In Accra, Ghana, presidential election results are posted on a scoreboard. David Guttenfelder/Associated Press
Having edited a number of publications in Ghana and led journalist organizations, Blay-Amihere is now chairman of the National Media Commission of Ghana
My last job before arriving in Cambridge in 1990 was editing The Independent, a four-page newspaper that earned the wrath of Ghana’s military government after only three issues. Newspaper licensing laws were re-introduced, sending the paper I founded into limbo until 1992 when the law was repealed.
Our year included many award-winning journalists from internationally acclaimed media, such as The Washington Post, The Philadelphia Inquirer, The Louisville (Ky.) Courier-Journal and The Jerusalem Post. As we shared experiences through the Soundings, our colleagues from the West came to appreciate the sacrifices made by journalists from the Third World—Tony Eluemunor from Nigeria, Nanise Fifita from Tonga and Joseph Latakgomo from South Africa—and to respect our modest contributions to the struggle for democracy in our respective countries.

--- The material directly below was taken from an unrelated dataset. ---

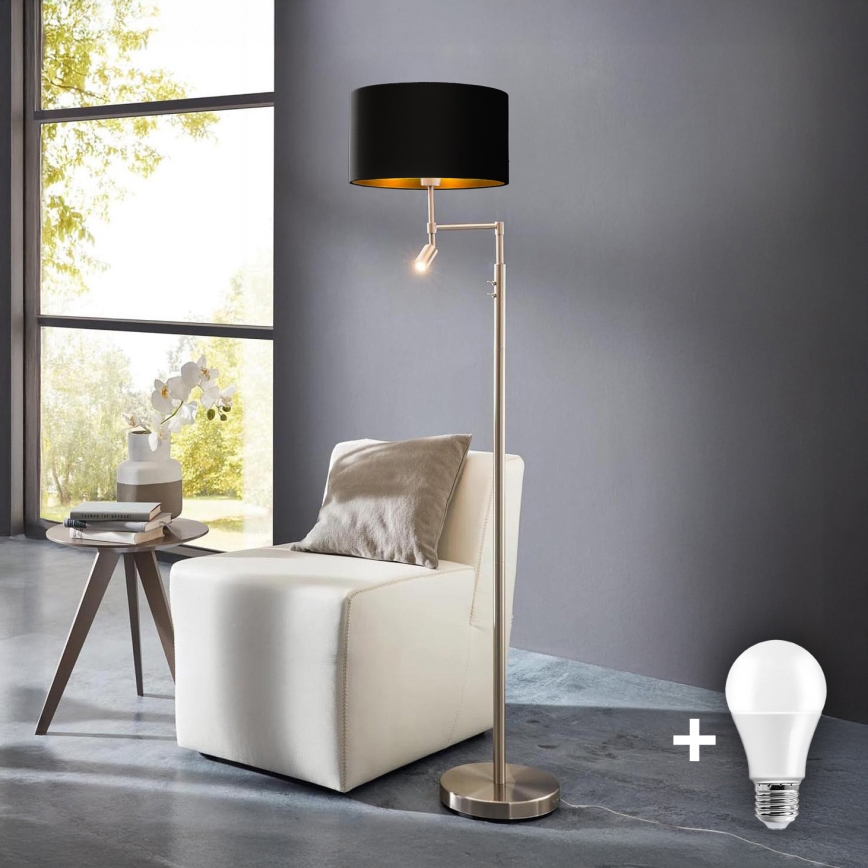 Eglo - LED Stojací lampa TUNJA 1xE27/60W/230V + LED/2,1W pr. 38 cm matný chrom/černá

It was at Lippmann House that I first started using a computer, and the Nieman set me on the path of writing books: “Tears for a Continent,” a diary of my American experience, in 1994 and, most recently, “Praises: A Celebration of Life.” My Nieman year made me, as editor of The Independent, president of the Ghana Journalists Association and the West African Journalists Association, a better journalist and person with a broader vision and commitment to press freedom.